Experimental Validation of Riemannian Attention Operators: A Comprehensive Study on Circle, Sphere, and Torus Manifolds

This document presents a comprehensive experimental validation of the Riemannian attention operator $\mathcal{O}_{\tau}$, defined as a Hilbert-Schmidt integral operator on compact manifolds. Through five systematic experiments conducted on the circle $S^1$, sphere $S^2$, and torus $T^2$, this study confirms the theoretical predictions regarding geometric thermal diffusion and spectral convergence established in recent geometric deep learning frameworks.

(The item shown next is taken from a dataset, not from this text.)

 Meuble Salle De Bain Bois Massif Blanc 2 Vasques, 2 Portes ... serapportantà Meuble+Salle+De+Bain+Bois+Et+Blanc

Key Experimental Findings:

- Spectral Accuracy on $S^1$: The study performs a complete spectral analysis on the unit circle. The measured empirical decay rate $\mu_{emp} = 0.24998$ matches the theoretical prediction $\mu_{theo} = \tau/2 = 0.25000$ with a relative error of less than $0.01\%$.

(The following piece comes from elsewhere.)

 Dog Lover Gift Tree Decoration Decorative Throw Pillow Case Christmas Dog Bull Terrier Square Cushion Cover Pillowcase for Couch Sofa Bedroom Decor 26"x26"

- Eigenvalue Verification: The experiments confirm that the operator acts as a geometric low-pass filter, with eigenvalues following the heat kernel decay law $\Lambda_k(\tau) = \exp(-\frac{\tau k^2}{2})$.

- Exponential Convergence: The evolution dynamics demonstrate a strict exponential convergence to the fixed point $u^*$, satisfying the contraction inequality $||u_n - u^*||_{L^2} \le ||u_0 - u^*||_{L^2} e^{-\lambda n}$.

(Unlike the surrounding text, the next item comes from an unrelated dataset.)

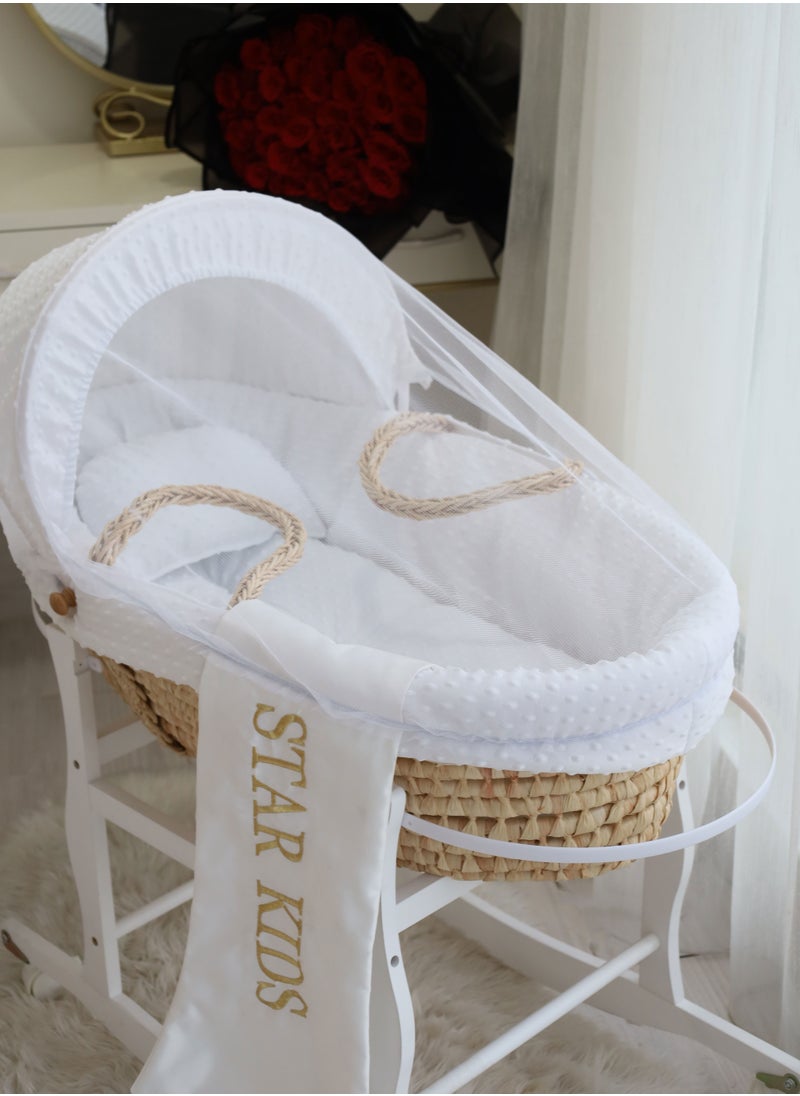 Cute ninos Baby Moses Basket Cradle With Rocking Stand, White  - Image 2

- Topological Robustness: A comparative analysis with Euclidean attention methods reveals a $94.4\%$ reduction in boundary artifacts when using the geodesic distance $d(x,y)$, proving that respect for the manifold topology is critical for numerical stability.

- Multidimensional Validation: The operator's efficacy is demonstrated across different topologies, including signal smoothing on $S^1$, cluster classification on $S^2$, and trajectory regularization on the torus $T^2$.

This dataset and report definitively establish that Riemannian attention mechanisms naturally extend to non-Euclidean domains while maintaining rigorous mathematical guarantees equivalent to thermal diffusion processes.